The Prestige was directed by Christopher Nolan whose credits include the brilliantly labrynthine Memento and Batman Begins, which is easily among the very best of its genre. It stars Christian Bale and Hugh Jackman as two magicians consumed by an obsessive feud with one another that threatens to destroy their careers and their lives and the lives of those close to them.
It features brilliant peformances from both leads, as well as supporting turns from Scarlett Johansson and the predictably wonderful Michael Caine. Let's hope that Hugh Jackman continues what he stareted here and takes on more dramatically significant roles like this one- he's oustanding. And Nolan's direction and manipulation of time in serving up plot twists is nothing short of breathtaking, much as it was in Memento.

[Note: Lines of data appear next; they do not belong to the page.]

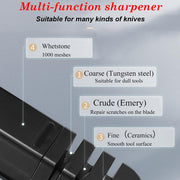 Multipurpose Ceramic Carbide Knife Shapener For Knives Scissors Cleaver Keychain Grey V255-ECOCO-SHARPEN-GREY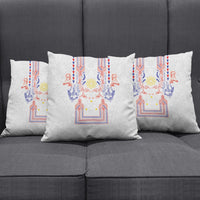 Philippines Barong Style Pillow Cover Polynesian Kakau Art Tattoos with Tribal Filipino Sun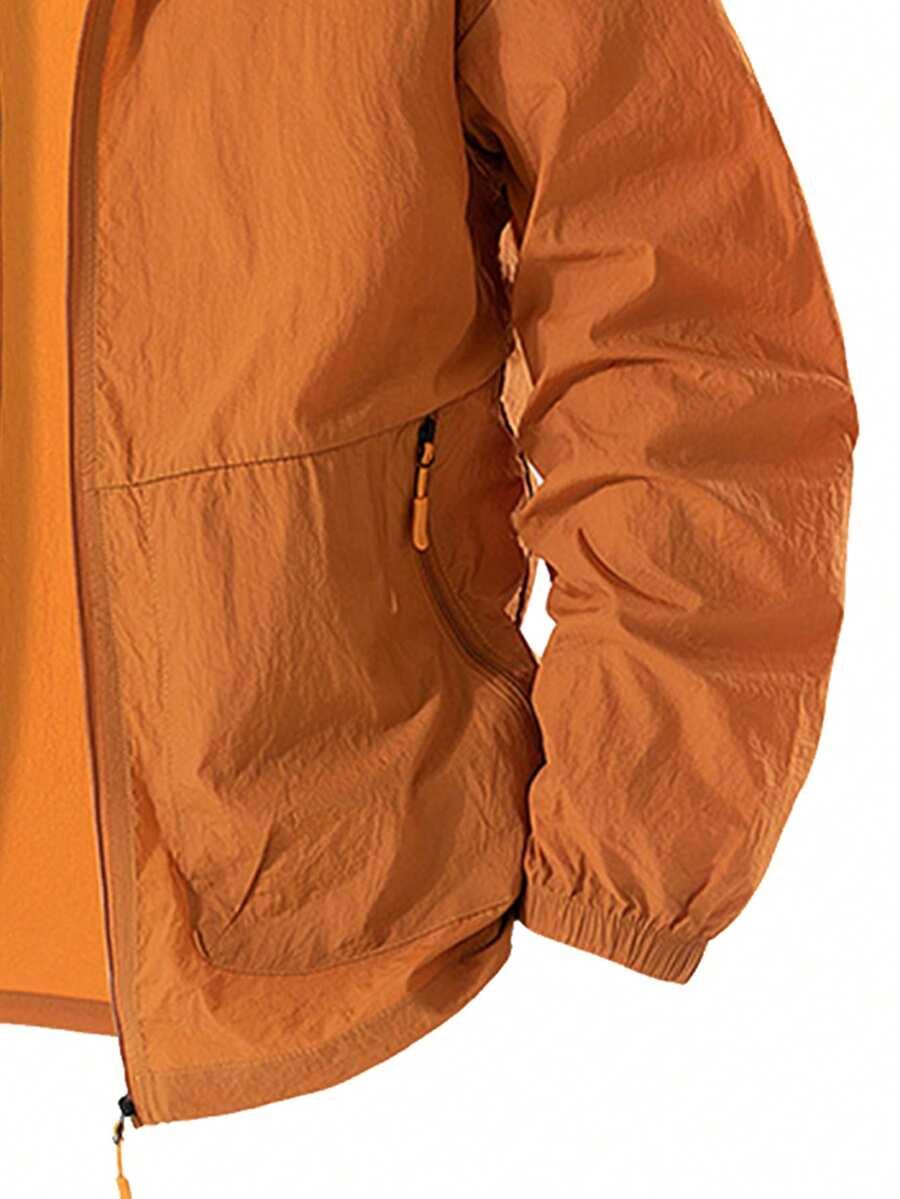 SHEIN POMARAŃCZOWA KURTKA ZAMEK W01__S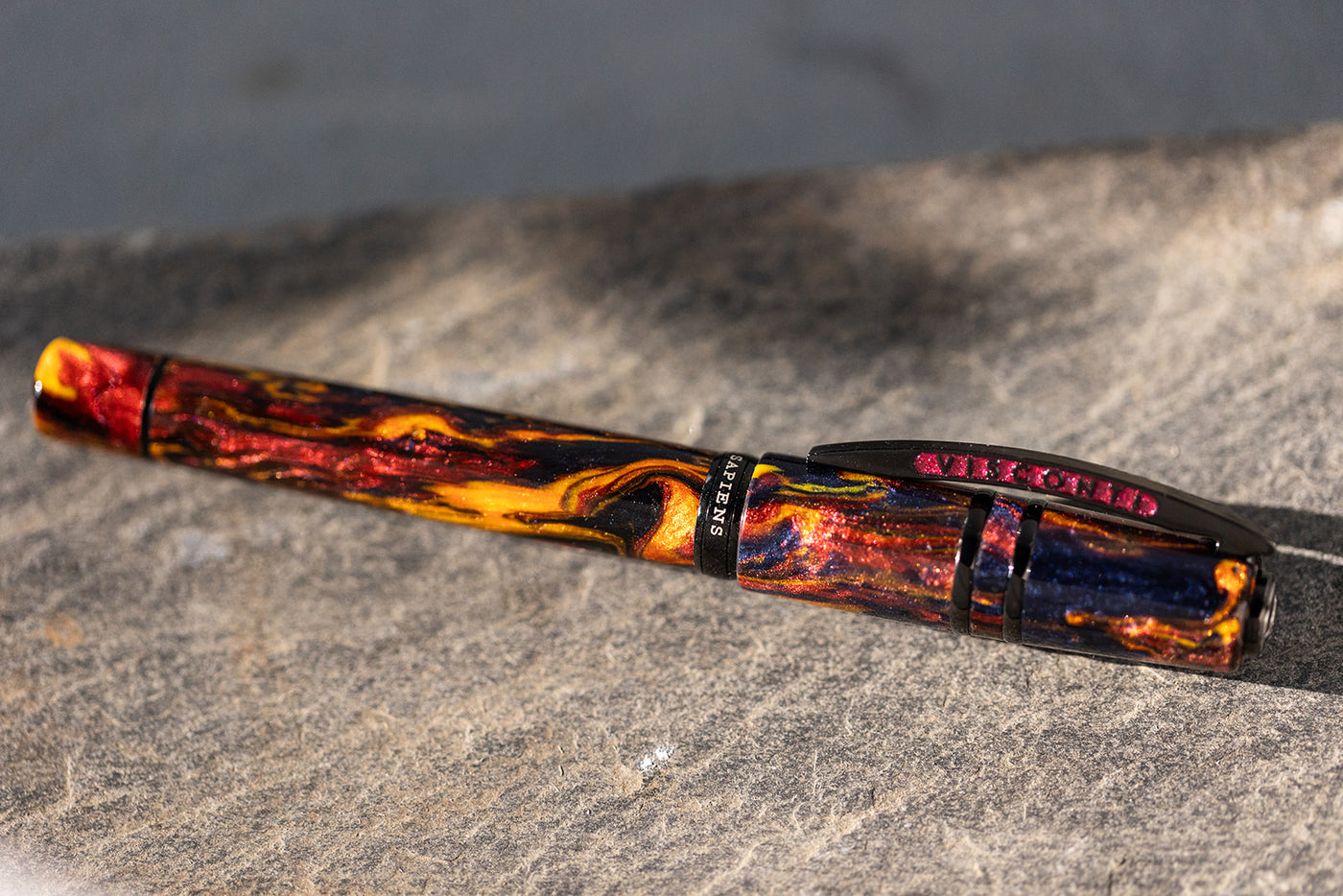 Visconti Homo Sapiens Earth Origins Fountain Pen - Fire (Limited Edition)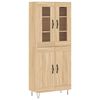 vidaXL Buffet haut Ch&ecirc;ne sonoma 69,5x34x180 cm Bois d'ing&eacute;nierie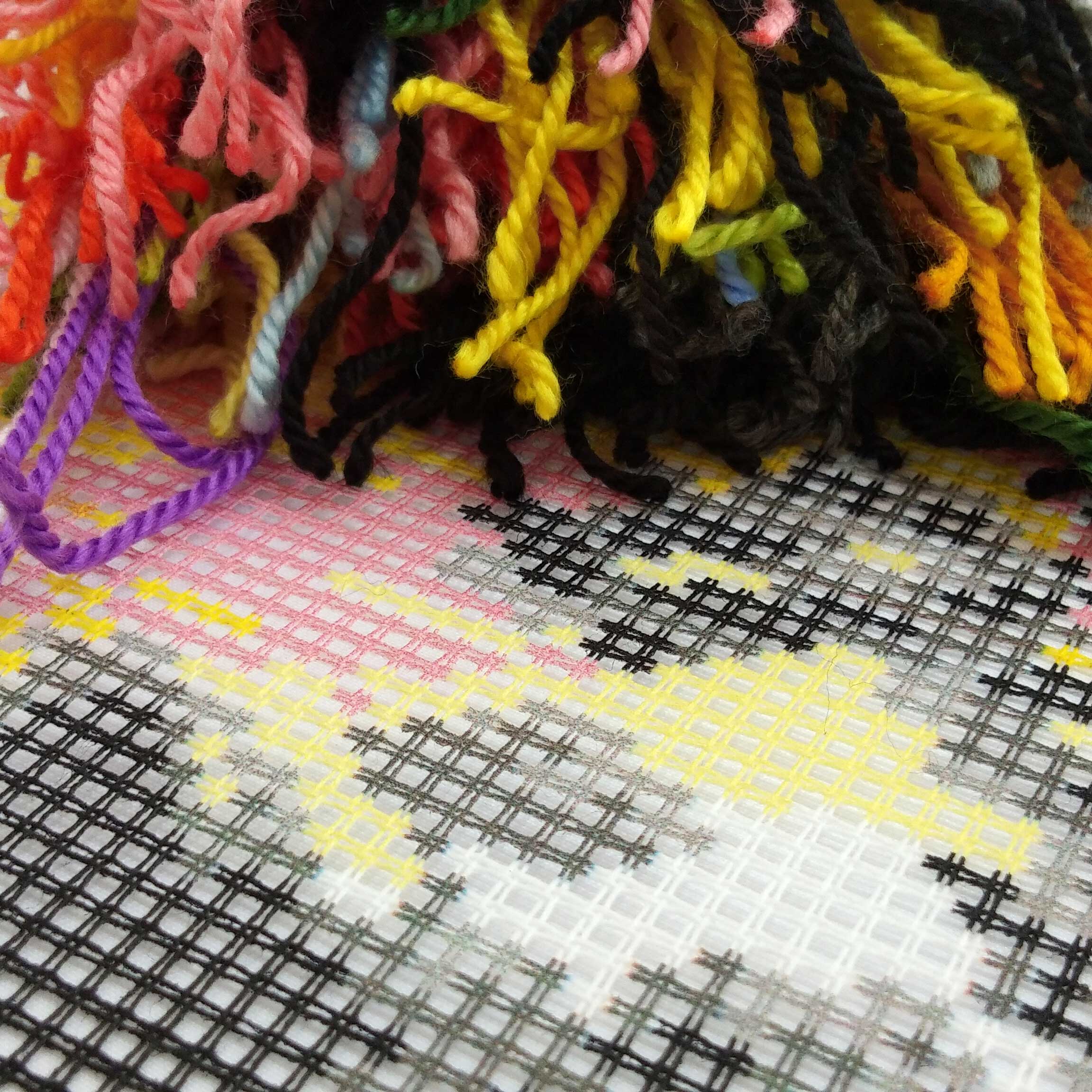 Sunset — Embroidery Kit 16″ × 16″ by Brvsk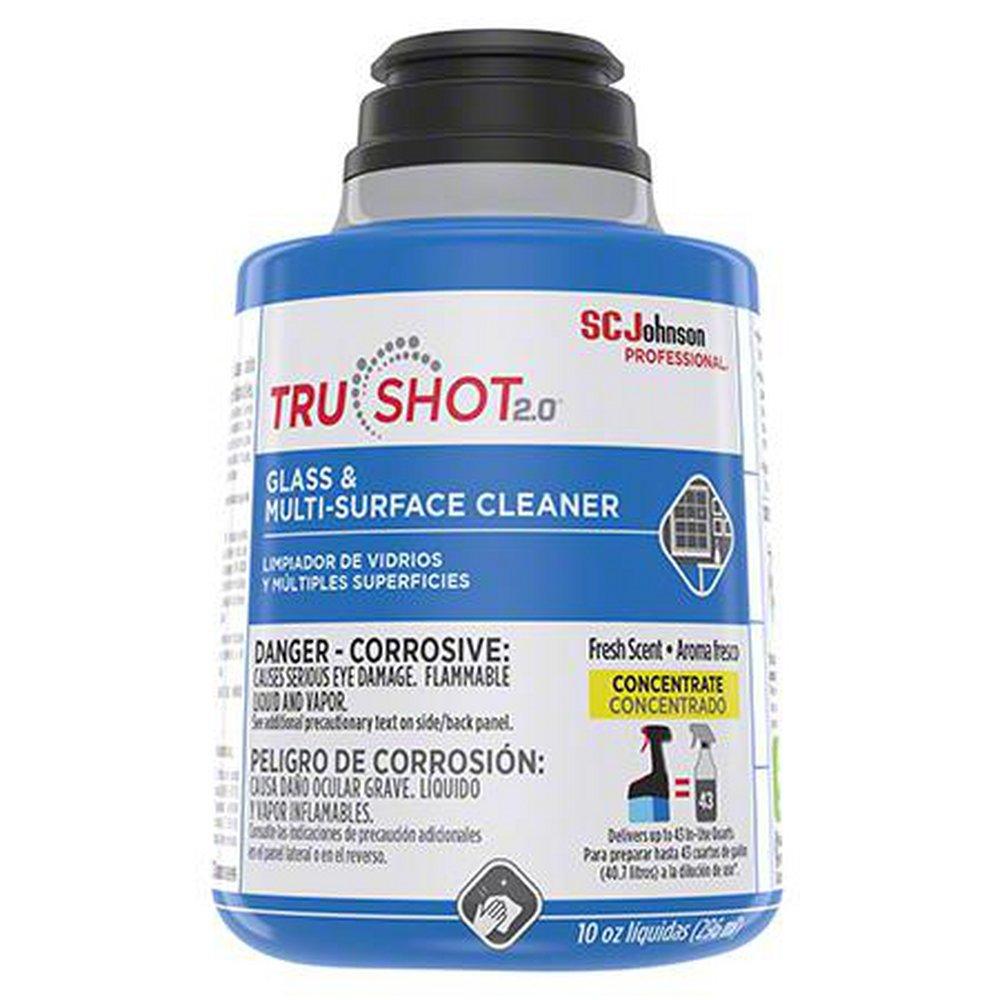 SC Johnson Professional® TruShot 2.0™ 10 oz Glass & Multi-Surface Cleaner Concentrate (Case of 4)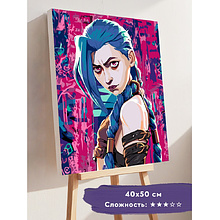 Картина по номерам "Аркейн. Джинкс"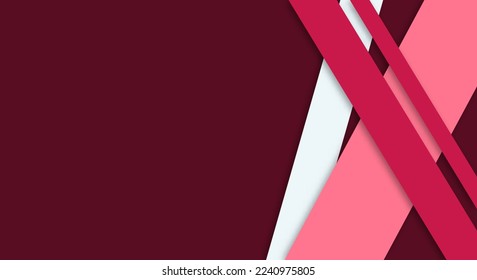 Papierschnitt-Hintergrund Geometrische Überlappungsebenen mit Streifen rot-weißer Farbe mit Kopienraum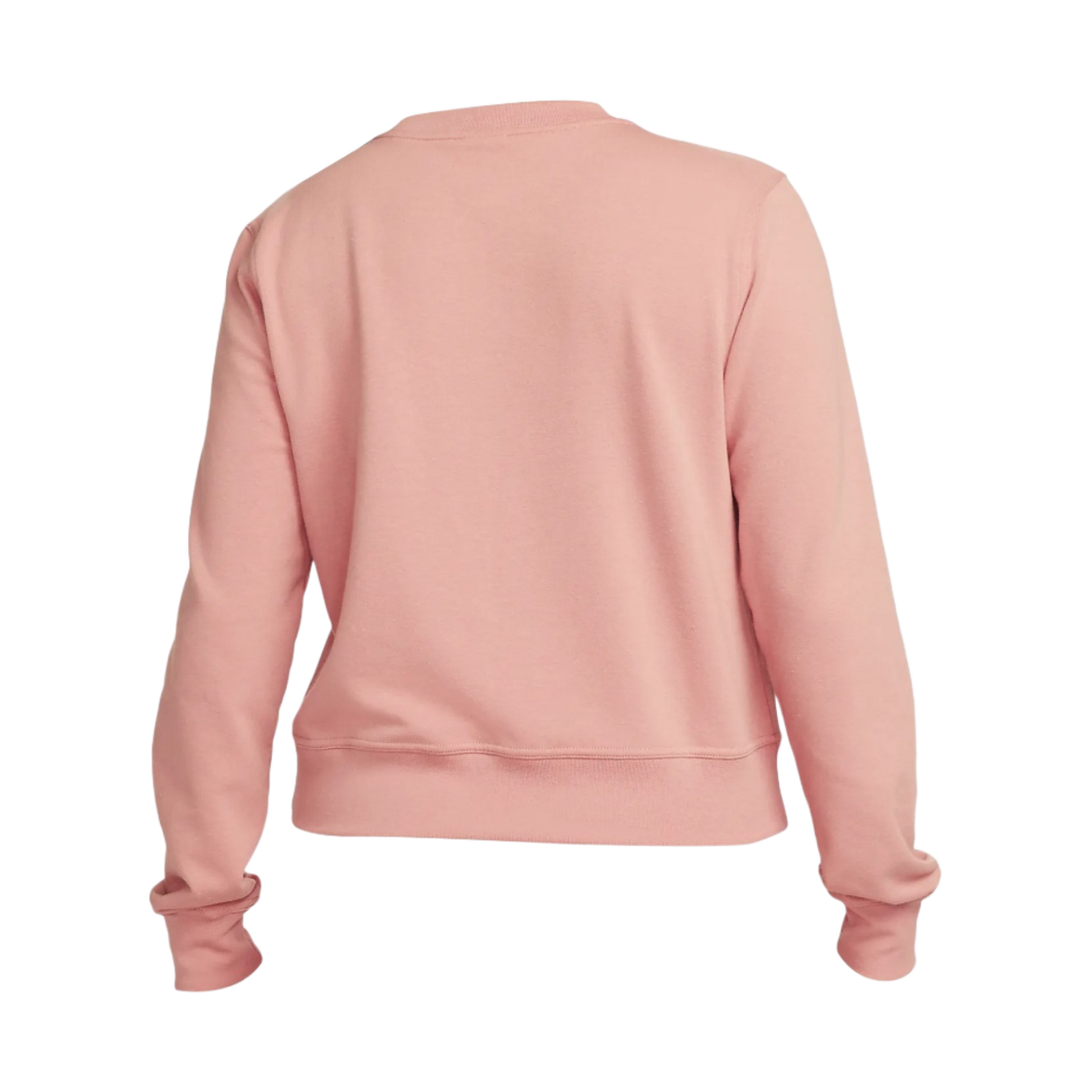 (W) 나이키 드라이핏 원 크루넥 프렌치 테리 스웨트셔츠 레드 스타더스트 화이트 - 아시아((W) Nike Dri-Fit One Crewneck French Terry Sweatshirt Red Stardust White - Asia) - 2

Buena Vista has cooked up a stunning, flawless 1080p transfer, encoded with AVC/MPEG-4. The image is smooth and film-like, and yet it's loaded with believeable colors and rich detail that look refreshingly unprocessed and pure. Detail resolution is outstanding, with skin and costume textures that are palpably present and naturally vivid with no traces of any form of enhancement. There are no artifacts of any kind to distract. There are plenty of dark scenes and yet at no time is there any visible noise in teh iamge, and the overall contrast and hadow detail are film-like in excellence. This is gorgeous, reference quality HD video that is as good as next-gen has to offer.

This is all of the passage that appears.